Go to the line in the entries below that holds "House K1, for 12 persons" and repeat exactly from there through the line that holds "Meet your Posher, Danielle", inclusive.

● **Dataset entries**:
● ● ●
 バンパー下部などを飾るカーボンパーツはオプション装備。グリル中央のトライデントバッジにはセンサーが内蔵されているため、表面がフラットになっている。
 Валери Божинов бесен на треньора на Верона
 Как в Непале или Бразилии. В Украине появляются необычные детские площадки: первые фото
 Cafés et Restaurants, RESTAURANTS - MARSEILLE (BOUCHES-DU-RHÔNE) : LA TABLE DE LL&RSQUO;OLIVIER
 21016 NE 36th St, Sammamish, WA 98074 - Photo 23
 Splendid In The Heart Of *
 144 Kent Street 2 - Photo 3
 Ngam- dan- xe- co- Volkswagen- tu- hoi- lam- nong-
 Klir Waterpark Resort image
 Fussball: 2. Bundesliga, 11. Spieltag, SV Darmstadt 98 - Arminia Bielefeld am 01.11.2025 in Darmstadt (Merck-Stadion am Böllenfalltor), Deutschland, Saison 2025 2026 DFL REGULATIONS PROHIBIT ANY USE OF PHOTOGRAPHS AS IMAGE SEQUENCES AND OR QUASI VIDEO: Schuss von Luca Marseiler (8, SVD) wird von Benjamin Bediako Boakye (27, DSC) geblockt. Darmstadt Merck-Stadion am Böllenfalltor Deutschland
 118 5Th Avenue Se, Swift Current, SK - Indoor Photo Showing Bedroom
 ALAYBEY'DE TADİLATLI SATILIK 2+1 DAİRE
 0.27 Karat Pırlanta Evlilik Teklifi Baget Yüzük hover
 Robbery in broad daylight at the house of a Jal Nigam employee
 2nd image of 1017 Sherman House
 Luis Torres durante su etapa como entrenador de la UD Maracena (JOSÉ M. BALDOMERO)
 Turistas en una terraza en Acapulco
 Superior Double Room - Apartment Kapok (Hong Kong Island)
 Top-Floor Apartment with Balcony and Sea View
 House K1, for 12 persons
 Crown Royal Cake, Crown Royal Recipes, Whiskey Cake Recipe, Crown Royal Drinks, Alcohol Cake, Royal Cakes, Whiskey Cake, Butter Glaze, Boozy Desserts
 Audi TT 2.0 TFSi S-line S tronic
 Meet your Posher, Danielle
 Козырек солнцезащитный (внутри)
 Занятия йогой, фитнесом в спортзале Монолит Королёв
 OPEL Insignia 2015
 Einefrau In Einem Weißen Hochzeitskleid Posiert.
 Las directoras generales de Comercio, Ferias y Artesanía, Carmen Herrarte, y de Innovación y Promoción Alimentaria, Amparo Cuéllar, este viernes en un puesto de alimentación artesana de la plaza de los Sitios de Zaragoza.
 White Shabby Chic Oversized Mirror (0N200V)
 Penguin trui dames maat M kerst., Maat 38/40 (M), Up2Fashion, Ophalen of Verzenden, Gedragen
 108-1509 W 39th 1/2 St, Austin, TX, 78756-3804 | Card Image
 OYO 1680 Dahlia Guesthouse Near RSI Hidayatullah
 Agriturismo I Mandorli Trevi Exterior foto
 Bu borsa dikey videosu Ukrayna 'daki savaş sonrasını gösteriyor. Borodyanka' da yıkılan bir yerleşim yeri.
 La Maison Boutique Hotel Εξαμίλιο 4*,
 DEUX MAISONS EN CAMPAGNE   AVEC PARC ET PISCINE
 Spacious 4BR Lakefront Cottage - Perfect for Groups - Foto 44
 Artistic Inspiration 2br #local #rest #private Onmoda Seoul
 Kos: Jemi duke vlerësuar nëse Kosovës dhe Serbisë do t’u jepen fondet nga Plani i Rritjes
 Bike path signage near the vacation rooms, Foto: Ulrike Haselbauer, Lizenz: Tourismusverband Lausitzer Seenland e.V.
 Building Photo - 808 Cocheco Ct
● ● ●
● **Worked solution**:
 House K1, for 12 persons
 Crown Royal Cake, Crown Royal Recipes, Whiskey Cake Recipe, Crown Royal Drinks, Alcohol Cake, Royal Cakes, Whiskey Cake, Butter Glaze, Boozy Desserts
 Audi TT 2.0 TFSi S-line S tronic
 Meet your Posher, Danielle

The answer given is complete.